Record excerpts
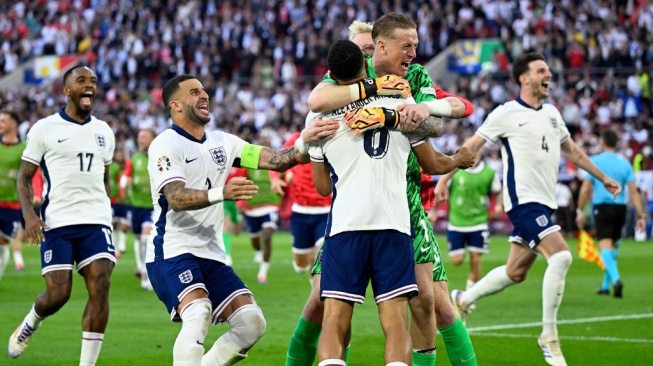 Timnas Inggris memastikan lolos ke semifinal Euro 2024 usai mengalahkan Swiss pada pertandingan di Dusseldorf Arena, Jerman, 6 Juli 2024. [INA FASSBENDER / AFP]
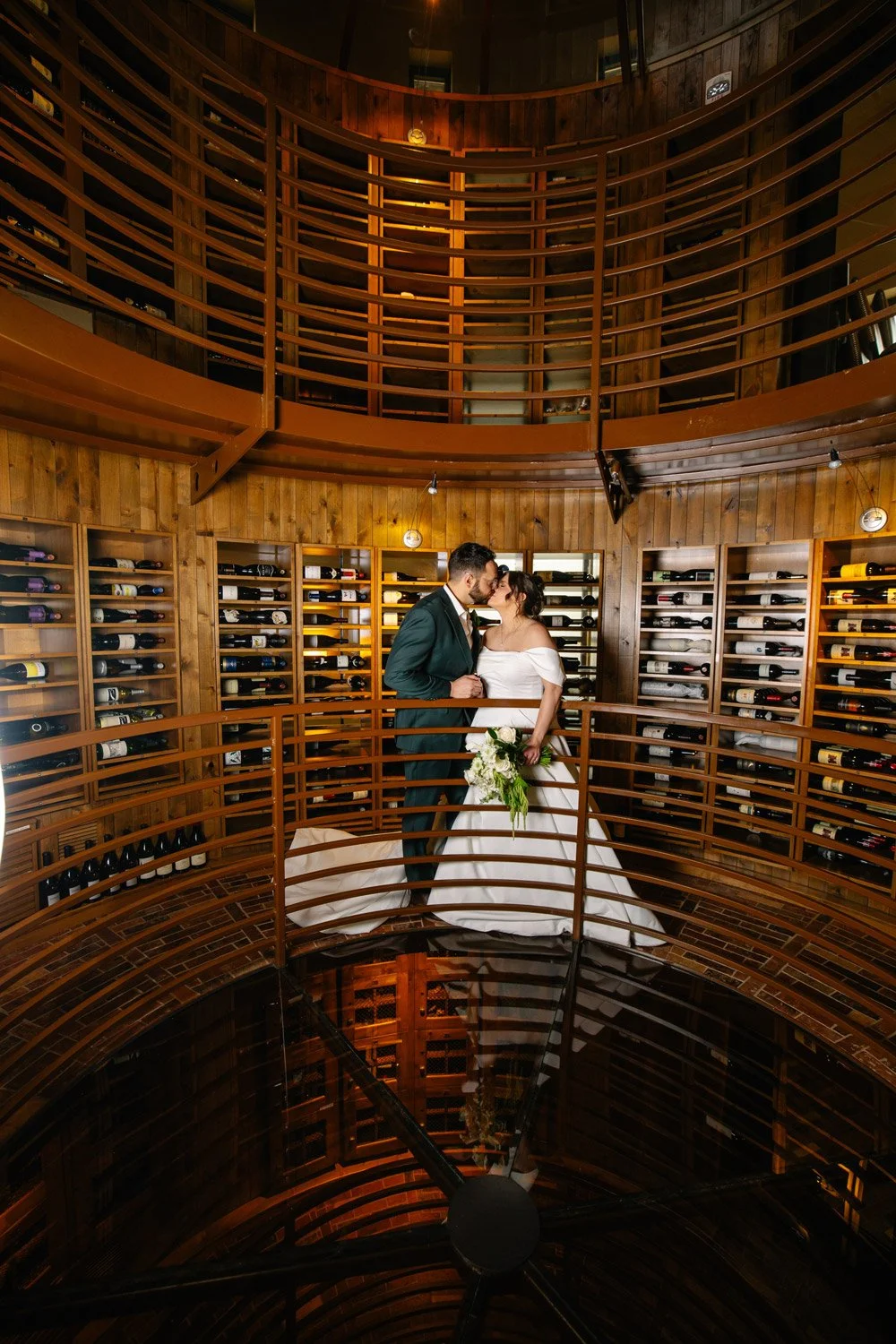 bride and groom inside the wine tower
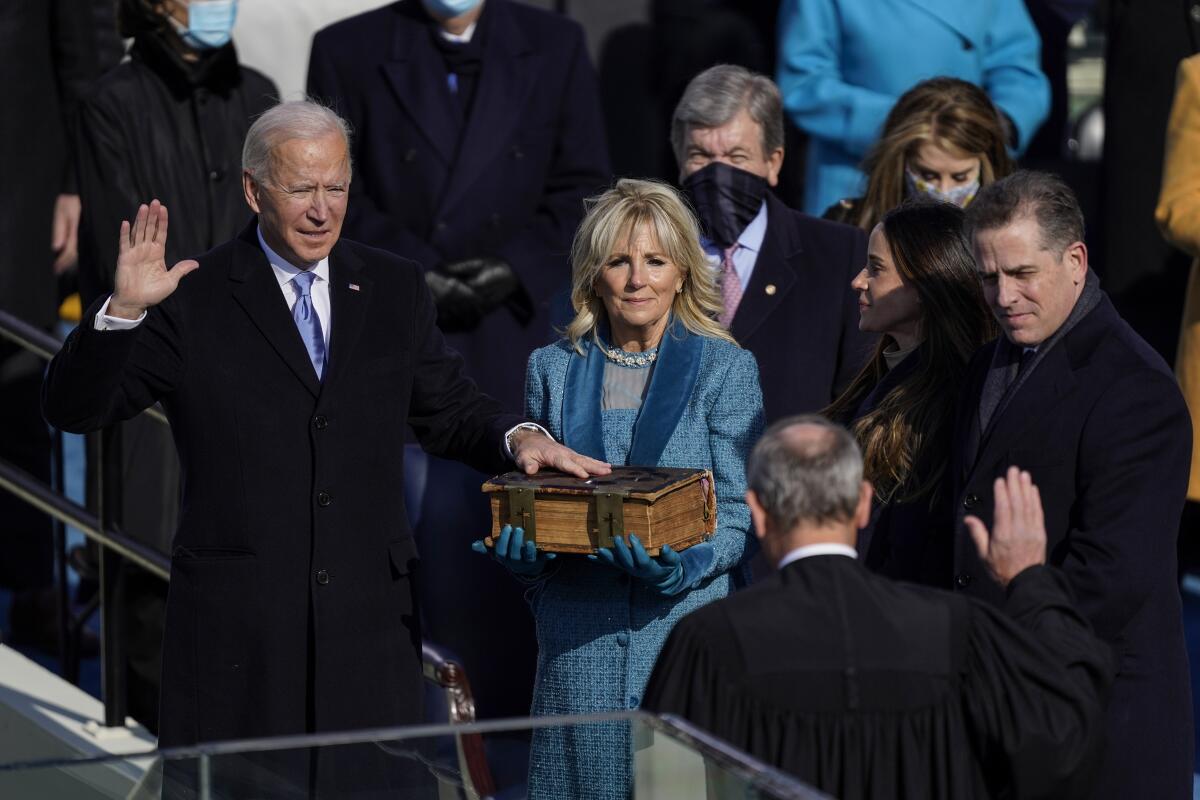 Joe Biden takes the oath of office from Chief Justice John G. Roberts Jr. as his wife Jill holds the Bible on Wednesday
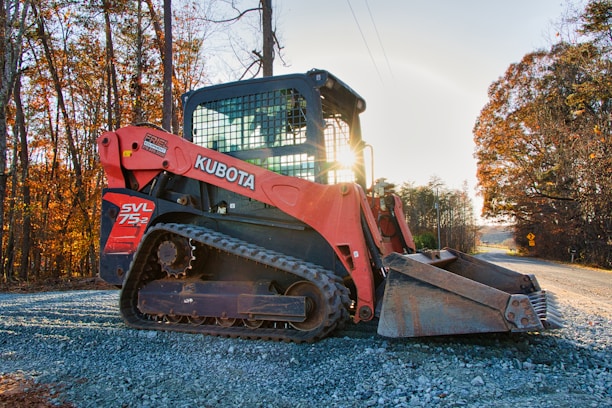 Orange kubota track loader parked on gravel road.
==
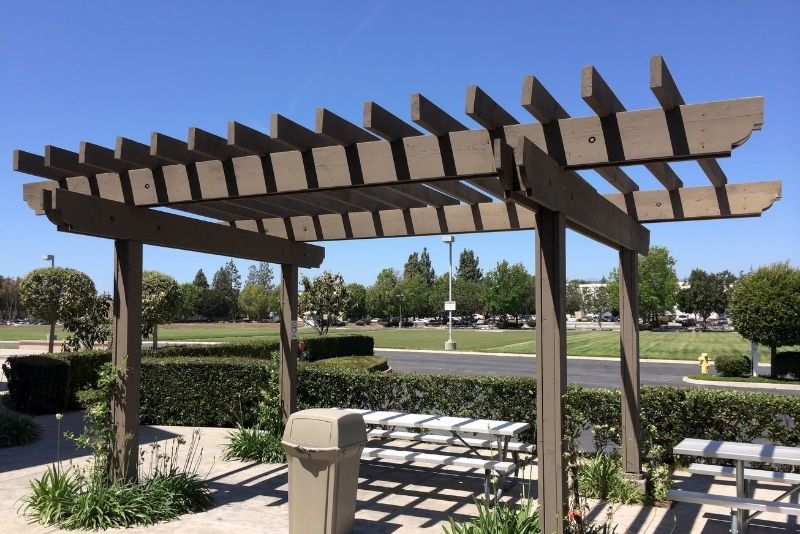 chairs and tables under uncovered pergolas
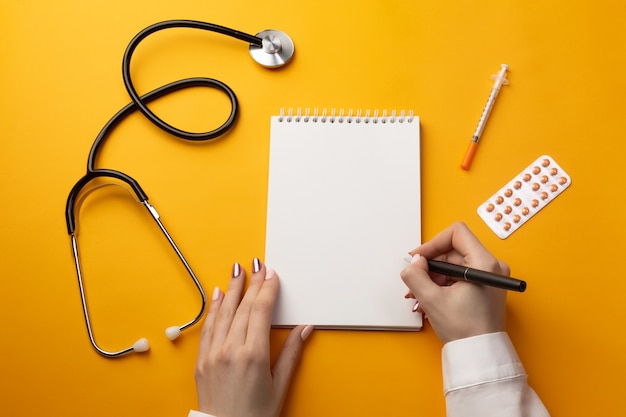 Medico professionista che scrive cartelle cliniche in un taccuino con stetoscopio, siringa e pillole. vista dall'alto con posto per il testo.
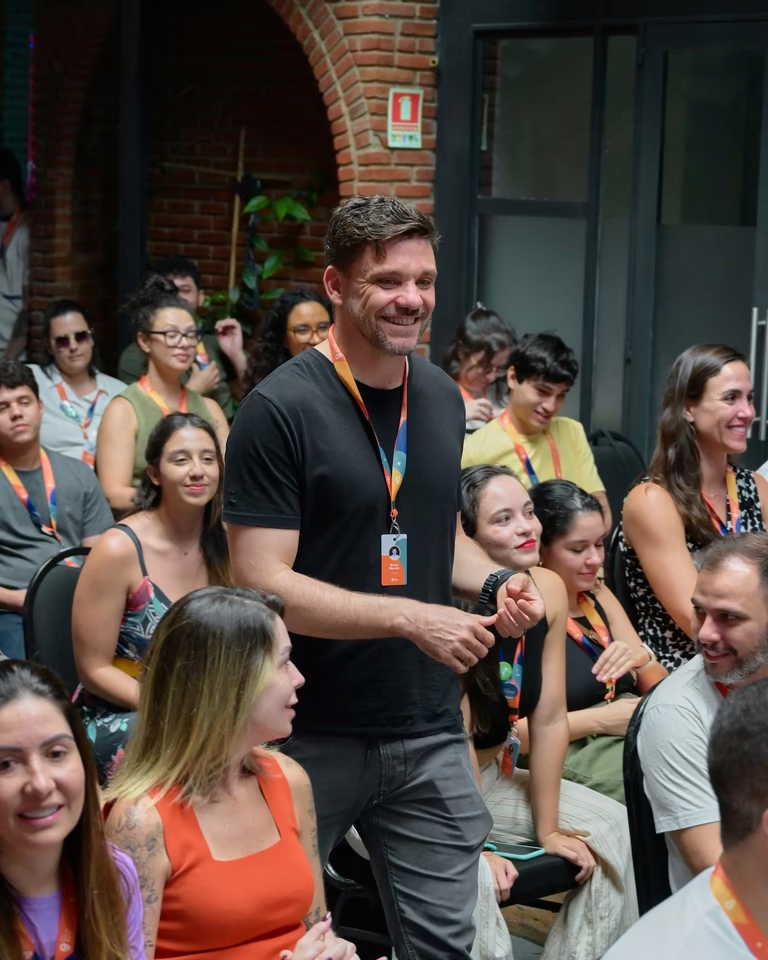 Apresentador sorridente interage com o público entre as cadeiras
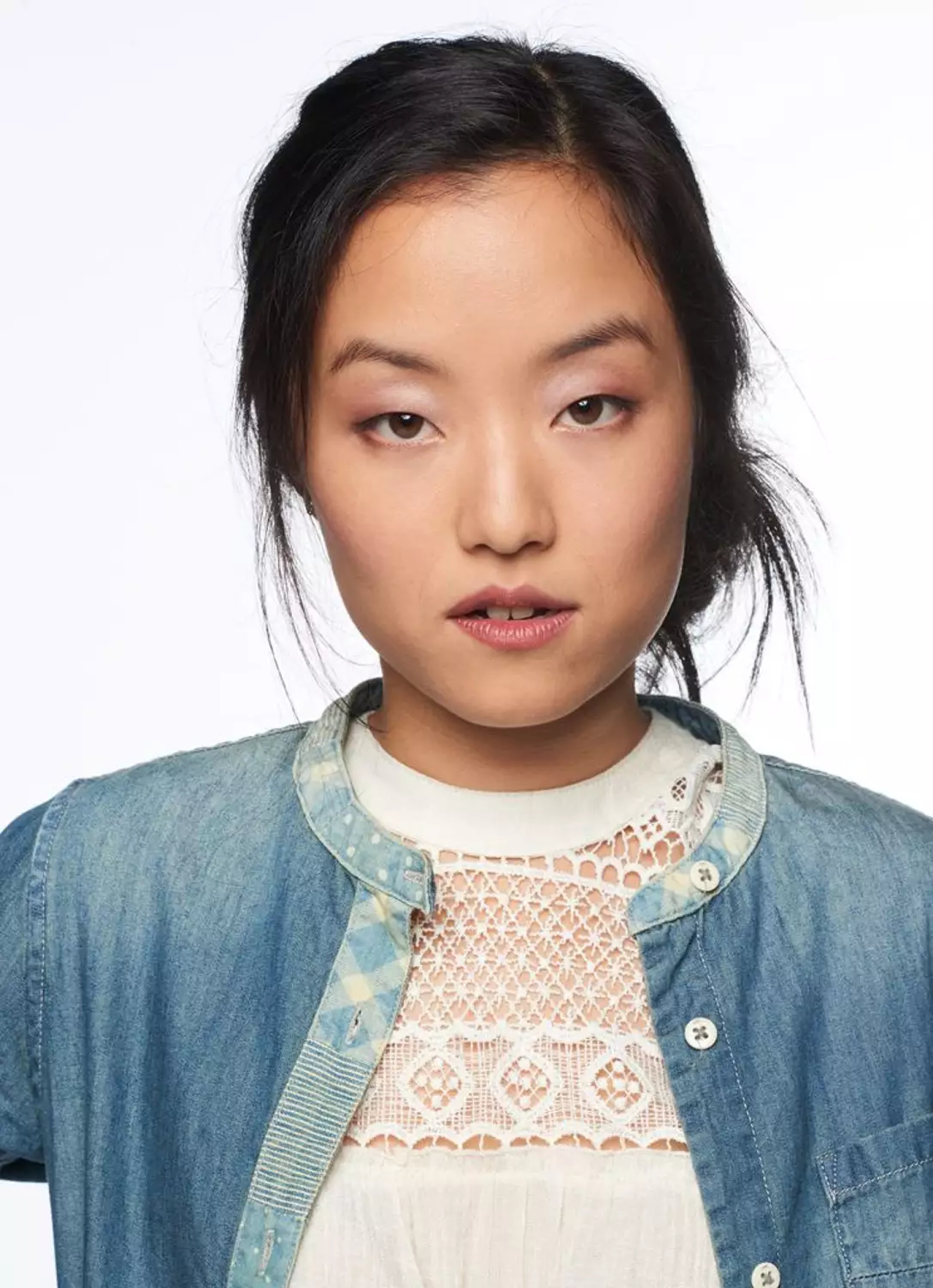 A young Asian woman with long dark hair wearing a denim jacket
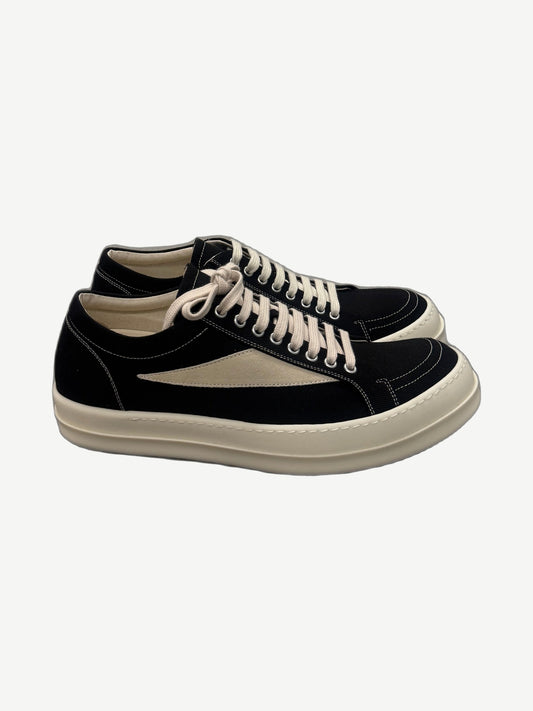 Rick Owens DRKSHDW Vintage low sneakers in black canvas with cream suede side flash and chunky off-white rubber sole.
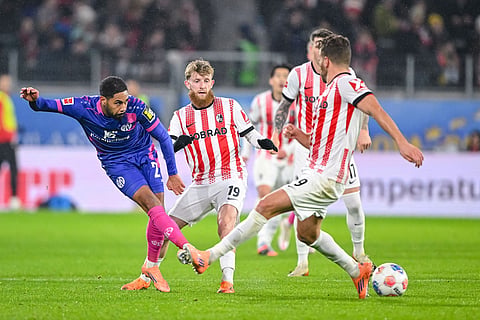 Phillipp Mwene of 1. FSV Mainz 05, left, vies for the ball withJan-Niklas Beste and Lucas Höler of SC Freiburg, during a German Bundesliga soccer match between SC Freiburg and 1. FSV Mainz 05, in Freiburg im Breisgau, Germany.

Exercise instructions
Find where the line with "chairs and tables under uncovered pergolas" sits in the material above and where the line with "Phillipp Mwene of" sits. Set down exactly the lines from the first to the second, both included and nothing else, without pictures.

Your response
 chairs and tables under uncovered pergolas
 Medico professionista che scrive cartelle cliniche in un taccuino con stetoscopio, siringa e pillole. vista dall'alto con posto per il testo.
 Apresentador sorridente interage com o público entre as cadeiras
 A young Asian woman with long dark hair wearing a denim jacket
 Rick Owens DRKSHDW Vintage low sneakers in black canvas with cream suede side flash and chunky off-white rubber sole.
 Phillipp Mwene of 1. FSV Mainz 05, left, vies for the ball withJan-Niklas Beste and Lucas Höler of SC Freiburg, during a German Bundesliga soccer match between SC Freiburg and 1. FSV Mainz 05, in Freiburg im Breisgau, Germany.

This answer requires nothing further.